The first quarter of 2021 is over and it has become clear that our predictions have come true. The prices of panels are rising in a straight line. For instance, at the beginning of the year we had to pass the threshold of € 0.20/Wp and later of € 0.21/Wp. And the trend remains rising, but how long will this continue?
To understand this we need to dive a bit deeper into the matter. At the moment the price is mostly affected by the price of poly-silicon and the relationship between supply and demand. Below, you can see the price trend of poly-silicon this year.
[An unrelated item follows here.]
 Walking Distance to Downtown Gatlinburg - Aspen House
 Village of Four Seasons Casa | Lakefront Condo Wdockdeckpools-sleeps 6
As you are probably aware, wafers, and in turn cells, are made of poly-silicon. The prices of other semi-manufactured products also continue rising, e.g. copper, silver, EVA. However cells represent a much more considerable part of the total cost price. Last week the price rose further to 170 RMB/kg. The entire market is wondering how long this can still continue. Daqo, a large manufacturer of poly-silicon, expects it to settle around 170RMB/kg, however TongWei expects a new balance around 200 RMB/kg. The Chinese manufacturers of modules are exerting ample pressure on the suppliers of poly-silicon, however this does not make an impact yet. Our idea is that the demand for poly-silicon well exceeds the supply. At the beginning of this year the following numbers were expected: a total production capacity of panels of approximately 180 GWp, a global demand for modules of approximately 190 GWp, and a comparable capacity of poly-silicon in 2021. After the tremendous price rise of, first, glass and now poly-silicon, we can draw no other conclusion than that the capacity of the production of panels expanded faster than the supply chain has been able to keep up with. And as long as the global demand for solar panels remains high, this will not change rapidly. Of course, the production capacity of poly-silicon is increased, however the pace is too low at the moment.
We even understood from China that the Chinese government is interfering. After all, high prices of panels could undermine the climate objectives of the government. Experience teaches us that official interference will always have an effect. However, the question is how soon we will start noticing anything of it in Europe. Some say that projects will be postponed due to the higher prices and that, consequently, the demand will drop and hence the prices. However, many manufacturers have already been sold out up to and including Q3, because many of their customers have taken positions. We are not observing a fall in demand and we pick up few signals in the market that point to this. Others say that the prices have to fall because it happens every year. After all, the prices follow a fixed pattern of falls and rises…
We understood that there are manufacturers who are switching off their production lines because they cannot ask competitive prices for their panels with the high prices of wafers and cells. Not producing anything is cheaper than producing at a loss. If this would already be the case then this would imply that the prices will only rise further.
What is also remarkable at the moment is that the price of cells rises less rapidly than the price of silicon. This can be attributed to the fact that independent cell manufacturers are trying to prevent the ‘Big 5’ (Longi, Jinko, Trina, JA and Canadian) from further expanding their own cell production. These Big 5 become even bigger and more powerful and I expect the rest to mostly disappear or be swallowed up. Hence, the future of these cell manufacturers does, to a considerable degree, depend on the willingness of the Big 5 to purchase cells from them. By keeping the price relatively low (read: have it rise less rapidly than the price of poly-silicon) they hope to secure their future sales.
It is interesting to see to what degree the Big 5 have integrated vertically and to what degree they are affected by the rising price of poly-silicon. I created the following overview for this:
It goes without saying that this is a snapshot in time, all manufacturers are scaling up, hence this changes quickly. A number of quick conclusions can be drawn:
We understood from China that all manufacturers are suffering financially because of the sharp rise in prices of semi-manufacturers. They are not producing poly-silicon (yet). Large parties in the world, like us, that realised in time that prices could rise further and consequently anticipated this in a timely fashion through large purchases, put considerable pressure on the margins at the manufacturers. In the coming quarters the large manufacturers will make every effort to ‘salvage’ their figures for 2021; hence, this is an additional reason not to expect any falls in prices at the moment.
So it will still take some time. I expect the prices to rise further. Therefore, it is not recommended to wait too long with purchases for the projects that you still intend to realise this year. It may well be that the price stabilises sometime this year, however this is all but certain. The chance of bad availability at the end of Q3 and Q4 this year is bigger than the chance of a fall in prices. On the other hand, nothing is certain and everybody should make their own considerations. However, I do hope that, despite these uncertain times, I did provide you with a bit more insight.